I’m duly provoked by the spat underlying this post from John Ganz, whom I follow (but not enough to pay for his substack), and whom I think is always worth reading. I may have written about this before but I’m so old I’ve forgotten whether or not I did. I think I did.
The big argument is whether Trump should be labeled a fascist. I would say yes. There is some nasty sniping at personalities and imputations of bad faith that I have no part or interest in, but the political dispute is important. I can think of two different angles.
One is the labeling as a political-agitational move. I would endorse it as political rhetoric and characterize complaints on analytical grounds as pedantic wet-blankets. Trump and his following are plainly bad enough to merit the most extreme charges conceivable. To evaluate a political claim as an analytical question is a category error.
Two is the scholarly or analytical side. I’m no scholar of fascism, but in this context I think such scholarship has limited value. I keep recalling an article I appreciated in the New York Review of Books by some lady. The bit that stays with me is her statement that fascism in the 21st Century need not be a close replica of the 1930s varieties.
An argument from know-it-alls is that we don’t have fascism looming because fascism always arises in response to a robust socialist movement.
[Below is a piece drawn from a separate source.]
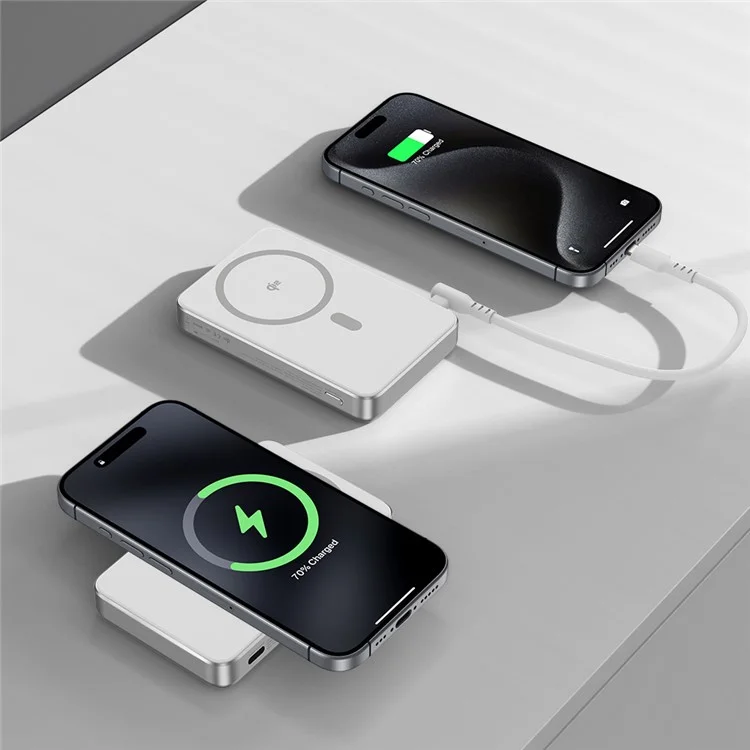 Achat en gros de la batterie externe magnétique YF-P17 Qi2 certifiée 10 000 mAh avec chargement sans fil rapide 15 W et support - Argent+Blanc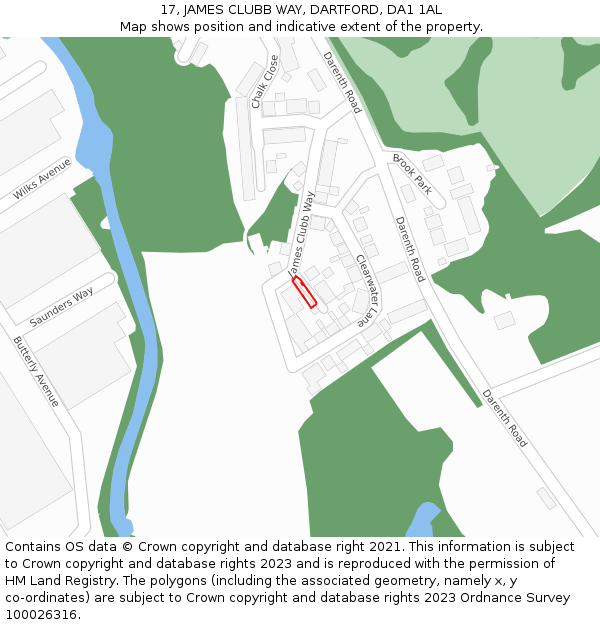 17, JAMES CLUBB WAY, DARTFORD, DA1 1AL: Location map and indicative extent of plot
This was true in the past, but so what?
Another is that the Trump himself has failed to demonstrate an intention to utterly extirpate our Constitutional order and all democratic institutions and freedoms. I think this is stupid too. One thing that seems clear about Trump and company is that they will do whatever they think they can get away with. The plan on January 6th, 2021, has been uncovered, and they came damn close to succeeding.
A friend suggested to me that a difference between fascism and mere authoritarianism is that fascism seeps into the culture and provides a basis for mobilizing masses without need of participation from law enforcement or the military. This distinction is appealing, and I would say it is in prospect.
Virginia elected a Democratic governor in 2017, Ralph Northam. Now for Virginia the successful Democrats are usually weak sauce, but in any case it provoked a huge mobilization on the right on the issue of gun rights. There were mass meetings all over the state. It was scary as hell. The Democrats were going to take our guns away. They would ban karate schools for the kids. Of course nothing of the sort happened.
In my own centrist county, the rightists succeeded in scaring away our elected school board and a good share of our county commissioners. (Fortunately, replacements stepped up and did well in last year’s elections.) This was through a combination of anonymous death threats, disrupted public proceedings, bogus investigations of liberals by our Trumpy county sheriff and state attorney-general, and a cooperative local Foxified media (WJLA, in our case a Sinclair TV outlet).
The point is that the movement on the Right is unscrupulous, vicious, and dynamic. It evolves. It need not resemble the formations of the 1930s. It may lose in national elections, but there is no reason to think it is going away. It is as bad as you can imagine. Yelling fascism is a proportionate response. The academic quibbling, well-informed or otherwise, is a sideshow.
Correct!
It goes to motive. If it’s not really fascism we don’t have to do anything about it. If it’s not really fascism we can continue to tolerate liberal media making their false equivalences between left and right. If it’s not really fascism we can continue to live in our elite privilege and not recognize that our indifference to the deterioration of the social safety net and most of rural America is part of the problem. If it’s not really fascism we don’t have to admit that racism still hangs over our polity like the clouds that precede the deadly storm. If it’s not really fascism we don’t have to admit that unchecked capitalism is a great danger and leftists who point to it cannot be dismissed as marginal crackpots.